In the fall of 2006 and the summer of 2010, I conducted ethnographic and archival research in southeastern Alaska on a new topic: a collection of photographs taken by Vincent Soboleff (a Russian-American photographer) in a Tlingit community of Killisnoo/Angoon in the 1890s-1920s. This project will result in a book entitled Vincent Soboleff: A Russian-American Photographer in Tlingit Country to be published by the University of Oklahoma Press.
While I still maintain a strong interest in the Tlingit culture and history, I have recently turned my attention to an important but totally neglected topic, the sociocultural history of the community of people of mixed Russian-Native descent (the so-called Creoles), which remained in Sitka after the sale of Alaska to the United States. Most of the information on this subject comes from the various written sources, which I have begun to explore. However, recently I was able to interview several descendants of the Sitka Creoles who shared valuable family history with me.
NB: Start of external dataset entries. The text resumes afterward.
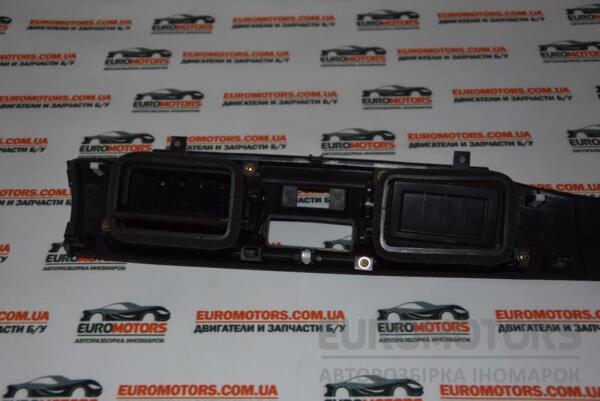 Дефлектор повітряний центральний лівий Mitsubishi Lancer IX 2003-2007 SPC00729 58390 - 2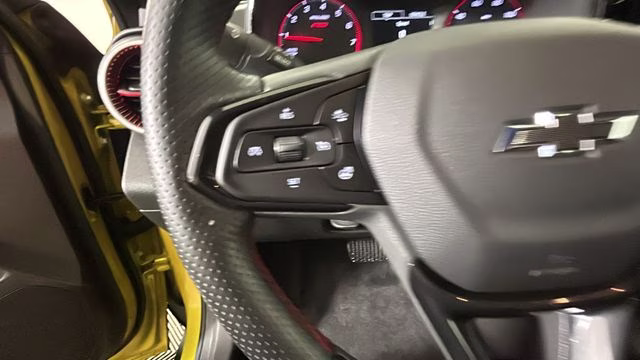 2024 Nitro Yellow Metallic Chevrolet Trax 1RS FWD SUV
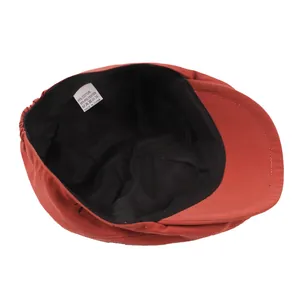 Casquette gavroche rétro rouge en coton avec élastique et doublure noire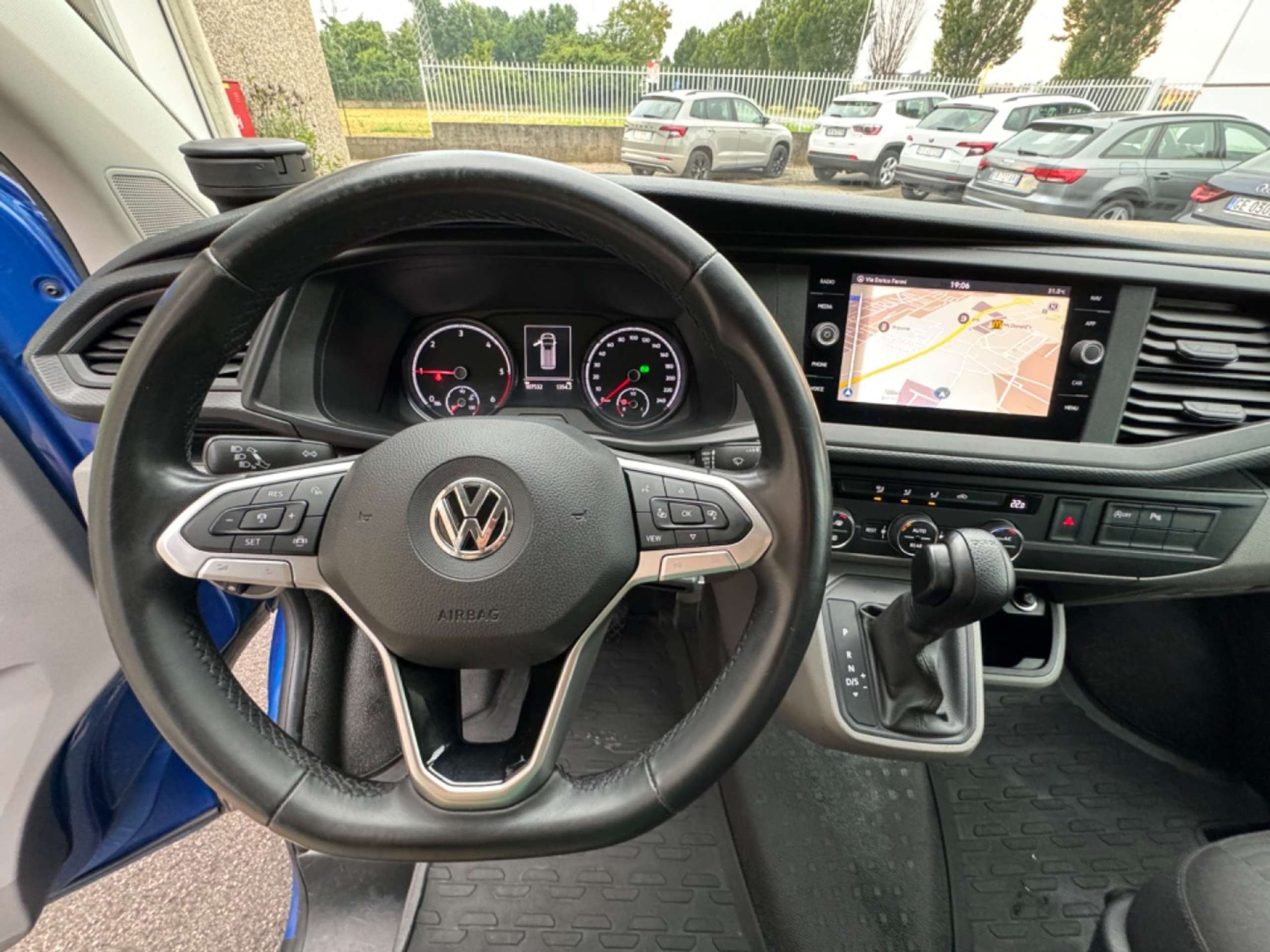 Volkswagen - T6.1 Caravelle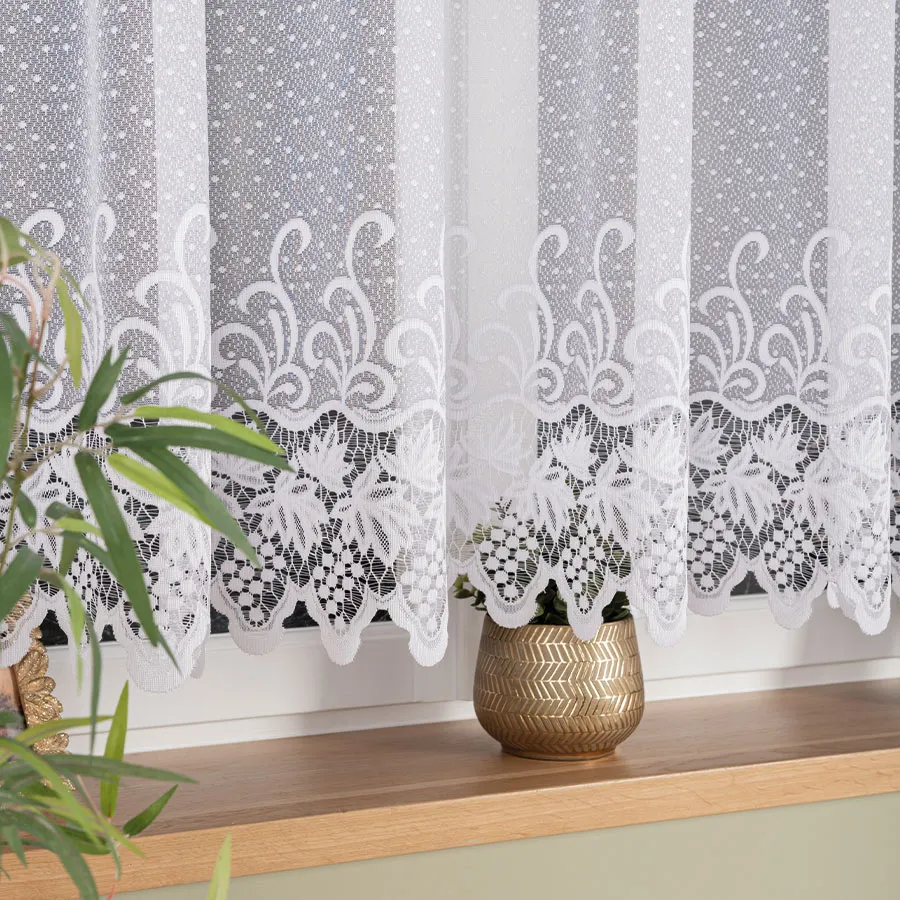 Firanka żakardowa ze wzorem pasowym 018965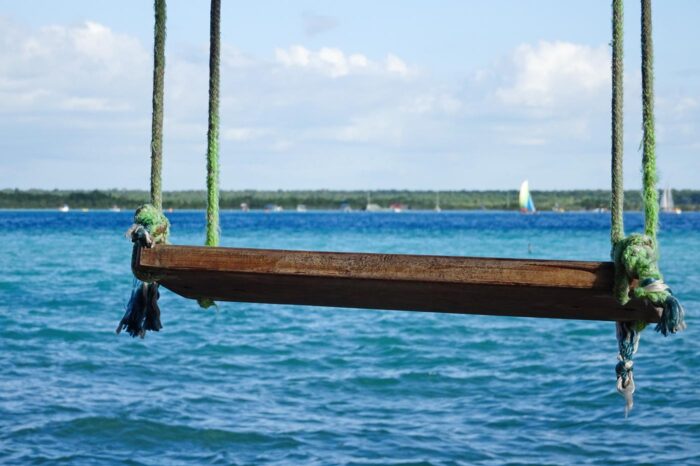 Mahahual, muy al sur de la Riviera Maya, es un destino de buceo, y su vecina Punta Allen es pura selva caribeña y corales de ensueño
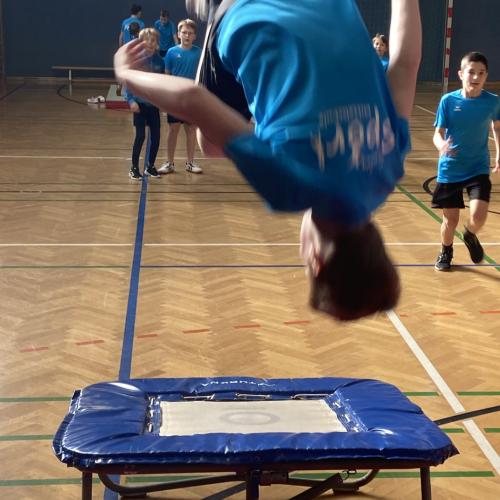 Geräteturnen und Akrobatik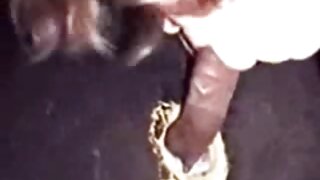 बांधलेली बस्टी हुकर वेरोनिका अवलुव हार्डकोर डीपी फिस्टिंगचा आनंद घेते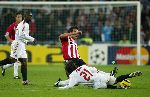 Eindhoven, 1 November 2005
Wedstrijd Champions League seizoen 2005/2006 tussen PSV-AC Milaan, eindstand 1-0
Jan Vennegoor of Hesselink in duel met Andrea Pirlo
© Foto: Peter Smulders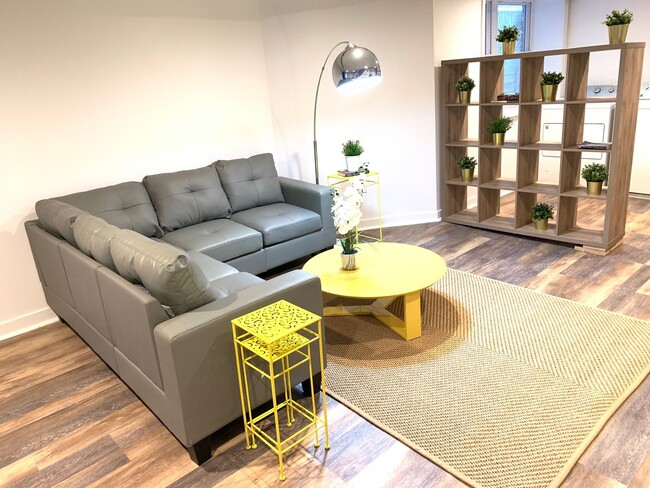 Building Photo - 2428 Cambreleng Ave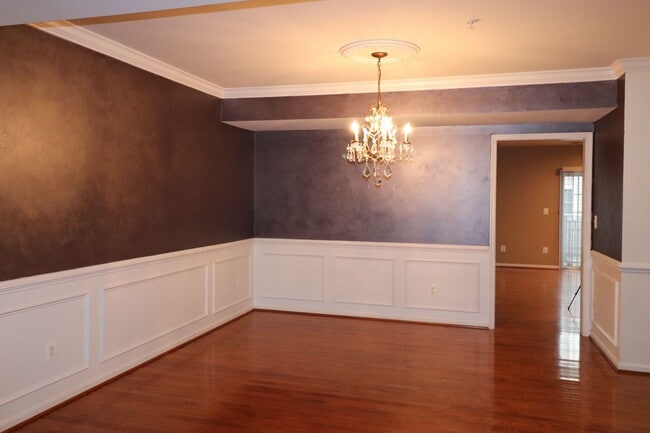 Photo - 4635 Battenburg Ln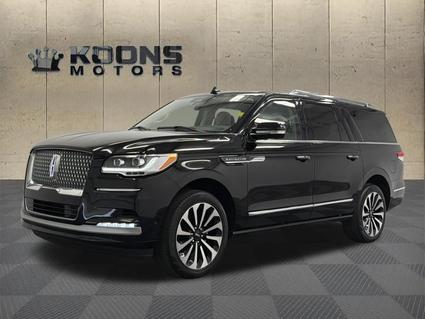 2022 Lincoln Navigator L  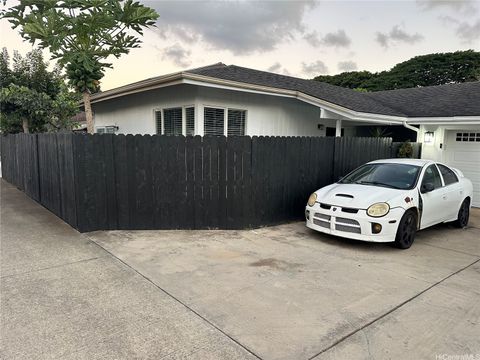 41-555 Hihimanu Street Waimanalo HI 96795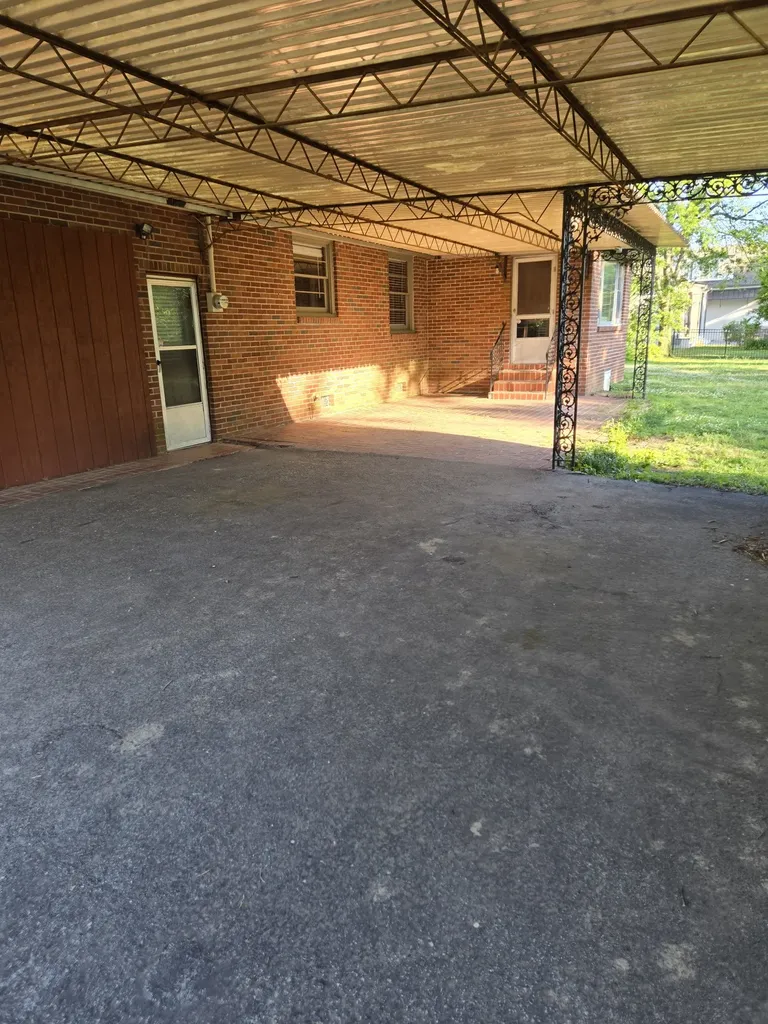 2009 Kingsbury Drive Nashville TN 37215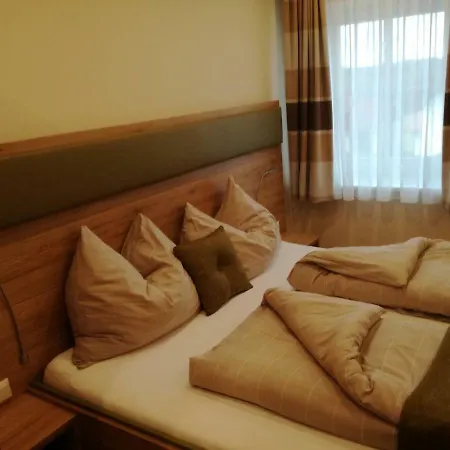 - Garni Mittelpunkt-europa Gmbh فندق براوناو آم إن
My graduate training at the University of Chicago under Raymond D. Fogelson and many years of teaching courses on Native North American ethnology and ethnohistory, have inspired me to co-edit (with Pauline Turner Strong) a series of papers by several generations of North Americanists who have also been trained by the same mentor. This volume, which honors Fogelson and is entitled Perspectives on Native North America: Cultures, Histories, and Representations, was published in 2006.
Finally, having always had a strong interest in the history of anthropology, I had been since the late 1990s working on an intellectual biography of Lev Shternberg, one of the leading Russian anthropologists of the late imperial and early Soviet period. He attracted me as both a scholar who played a major role in modernizing Russia's famous Museum of Anthropology and Ethnography (in St. Petersburg) and training the first generation of Soviet ethnographers, but also as someone who became an ethnographer under rather unusual circumstances, i.e., while serving an exile sentence on a remote island in the Russian Far East in the 1890s. This research took me to the Archive of the Russian Academy of Sciences in St. Petersburg. A book Lev Shternberg: Anthropologist, Russian Socialist, Jewish Activist, published in 2009, is the result of this work. In addition, in the last few years, I have published several articles (in English and Russian journals) on the history of Russian/Soviet anthropology and begun a new research project on the life and scholarly legacy of Alexander Goldenweiser (1880-1940), a prominent Russian-American anthropologist of the Boasian school. (See my article on Goldenweiser's political views in Vol. 5 of the Histories of Anthropology Annual, published in 2009).